[[ Entries provided open ]]

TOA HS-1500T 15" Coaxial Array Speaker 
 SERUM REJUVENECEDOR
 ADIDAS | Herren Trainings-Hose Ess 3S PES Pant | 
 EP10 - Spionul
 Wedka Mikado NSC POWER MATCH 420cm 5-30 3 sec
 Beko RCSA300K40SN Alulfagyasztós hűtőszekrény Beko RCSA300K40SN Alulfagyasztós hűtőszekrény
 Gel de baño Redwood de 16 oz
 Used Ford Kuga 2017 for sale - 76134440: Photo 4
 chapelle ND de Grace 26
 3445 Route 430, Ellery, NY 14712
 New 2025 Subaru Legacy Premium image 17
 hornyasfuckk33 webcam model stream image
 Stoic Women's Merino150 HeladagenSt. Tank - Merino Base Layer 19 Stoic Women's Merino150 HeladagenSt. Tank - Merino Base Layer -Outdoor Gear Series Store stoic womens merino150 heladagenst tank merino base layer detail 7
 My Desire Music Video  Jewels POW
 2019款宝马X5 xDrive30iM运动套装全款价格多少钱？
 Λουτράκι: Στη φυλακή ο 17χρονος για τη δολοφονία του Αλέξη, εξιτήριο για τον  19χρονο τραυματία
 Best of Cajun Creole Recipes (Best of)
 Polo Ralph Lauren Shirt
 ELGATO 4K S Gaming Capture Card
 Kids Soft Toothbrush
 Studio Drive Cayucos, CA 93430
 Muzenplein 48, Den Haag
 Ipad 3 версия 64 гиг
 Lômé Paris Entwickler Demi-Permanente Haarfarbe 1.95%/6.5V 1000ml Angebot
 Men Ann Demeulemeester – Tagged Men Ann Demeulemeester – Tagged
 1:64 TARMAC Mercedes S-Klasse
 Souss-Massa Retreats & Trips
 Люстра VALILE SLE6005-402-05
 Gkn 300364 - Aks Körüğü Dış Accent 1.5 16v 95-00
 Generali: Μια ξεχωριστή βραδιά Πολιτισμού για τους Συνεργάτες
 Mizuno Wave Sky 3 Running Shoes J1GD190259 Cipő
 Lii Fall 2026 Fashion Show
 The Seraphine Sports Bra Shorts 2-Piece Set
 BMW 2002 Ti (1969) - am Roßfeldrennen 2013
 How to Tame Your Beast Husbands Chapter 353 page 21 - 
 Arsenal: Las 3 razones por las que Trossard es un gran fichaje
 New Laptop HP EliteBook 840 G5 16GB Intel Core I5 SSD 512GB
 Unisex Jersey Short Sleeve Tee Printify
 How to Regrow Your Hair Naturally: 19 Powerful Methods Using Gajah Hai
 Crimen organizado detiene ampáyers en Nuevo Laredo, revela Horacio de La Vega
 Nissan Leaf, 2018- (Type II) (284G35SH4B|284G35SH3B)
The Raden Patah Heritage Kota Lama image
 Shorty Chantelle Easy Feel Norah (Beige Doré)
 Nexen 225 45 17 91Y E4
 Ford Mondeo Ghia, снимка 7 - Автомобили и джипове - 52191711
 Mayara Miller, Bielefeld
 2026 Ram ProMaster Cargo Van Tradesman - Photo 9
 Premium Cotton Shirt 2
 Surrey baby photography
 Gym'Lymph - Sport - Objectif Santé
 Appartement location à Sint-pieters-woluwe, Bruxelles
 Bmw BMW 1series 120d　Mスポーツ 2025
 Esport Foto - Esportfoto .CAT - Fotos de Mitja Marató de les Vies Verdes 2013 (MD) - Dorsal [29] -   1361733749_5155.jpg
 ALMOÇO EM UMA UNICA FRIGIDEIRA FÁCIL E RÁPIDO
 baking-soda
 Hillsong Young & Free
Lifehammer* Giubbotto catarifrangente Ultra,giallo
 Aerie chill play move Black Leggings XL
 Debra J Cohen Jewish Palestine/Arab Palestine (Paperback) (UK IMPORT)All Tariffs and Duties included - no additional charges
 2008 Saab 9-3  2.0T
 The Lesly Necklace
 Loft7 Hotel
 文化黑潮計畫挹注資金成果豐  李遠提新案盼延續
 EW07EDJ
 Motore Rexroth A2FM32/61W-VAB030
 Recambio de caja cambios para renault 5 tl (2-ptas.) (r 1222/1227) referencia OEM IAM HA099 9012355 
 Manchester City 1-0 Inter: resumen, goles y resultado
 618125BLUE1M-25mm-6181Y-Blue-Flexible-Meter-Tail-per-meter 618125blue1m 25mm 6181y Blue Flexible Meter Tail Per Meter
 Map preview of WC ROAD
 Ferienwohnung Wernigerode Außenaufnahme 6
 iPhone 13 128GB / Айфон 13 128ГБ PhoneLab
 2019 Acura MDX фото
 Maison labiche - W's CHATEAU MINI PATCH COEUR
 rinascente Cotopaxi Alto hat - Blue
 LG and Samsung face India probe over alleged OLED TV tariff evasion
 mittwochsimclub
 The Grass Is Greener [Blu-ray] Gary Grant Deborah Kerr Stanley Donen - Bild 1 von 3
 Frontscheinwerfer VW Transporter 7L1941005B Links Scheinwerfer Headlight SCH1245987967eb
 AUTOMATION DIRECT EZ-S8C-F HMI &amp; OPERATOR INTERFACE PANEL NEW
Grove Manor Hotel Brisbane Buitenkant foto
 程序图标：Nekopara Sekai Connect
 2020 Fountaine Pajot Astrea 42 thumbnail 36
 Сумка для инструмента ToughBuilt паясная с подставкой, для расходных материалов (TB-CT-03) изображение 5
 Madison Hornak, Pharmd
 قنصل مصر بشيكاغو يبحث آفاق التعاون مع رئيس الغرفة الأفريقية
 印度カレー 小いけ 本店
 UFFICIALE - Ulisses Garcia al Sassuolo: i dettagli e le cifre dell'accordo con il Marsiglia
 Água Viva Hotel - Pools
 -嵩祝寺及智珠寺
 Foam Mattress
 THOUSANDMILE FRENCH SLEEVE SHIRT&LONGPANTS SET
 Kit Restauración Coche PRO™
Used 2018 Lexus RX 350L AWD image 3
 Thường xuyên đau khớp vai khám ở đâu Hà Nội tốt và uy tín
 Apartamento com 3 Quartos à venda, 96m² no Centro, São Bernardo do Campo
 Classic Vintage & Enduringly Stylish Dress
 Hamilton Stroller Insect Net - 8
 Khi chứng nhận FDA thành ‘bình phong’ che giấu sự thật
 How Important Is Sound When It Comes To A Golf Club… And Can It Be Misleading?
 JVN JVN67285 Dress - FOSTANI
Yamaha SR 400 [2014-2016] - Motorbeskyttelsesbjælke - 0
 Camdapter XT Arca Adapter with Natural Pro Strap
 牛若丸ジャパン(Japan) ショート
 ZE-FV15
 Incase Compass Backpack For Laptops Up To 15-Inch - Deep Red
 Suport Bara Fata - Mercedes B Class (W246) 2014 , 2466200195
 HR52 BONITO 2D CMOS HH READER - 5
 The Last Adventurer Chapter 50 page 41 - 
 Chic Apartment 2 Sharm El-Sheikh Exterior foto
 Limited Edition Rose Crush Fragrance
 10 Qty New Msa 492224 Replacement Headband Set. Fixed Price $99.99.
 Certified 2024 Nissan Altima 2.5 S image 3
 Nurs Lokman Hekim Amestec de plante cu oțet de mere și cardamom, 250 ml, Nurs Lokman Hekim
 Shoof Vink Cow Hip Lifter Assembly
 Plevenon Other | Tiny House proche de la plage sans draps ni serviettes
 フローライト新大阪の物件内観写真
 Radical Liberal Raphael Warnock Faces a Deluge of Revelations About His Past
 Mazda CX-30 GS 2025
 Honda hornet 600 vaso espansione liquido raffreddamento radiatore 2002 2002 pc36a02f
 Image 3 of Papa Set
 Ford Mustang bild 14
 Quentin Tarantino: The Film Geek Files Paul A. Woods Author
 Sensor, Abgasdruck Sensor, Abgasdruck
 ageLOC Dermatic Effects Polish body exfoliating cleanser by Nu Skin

[[ Entries provided closed ]]

What you should do
Check each line of the data above for the string "Used", then report how many lines have it, with no other words.

Output of the exercise
2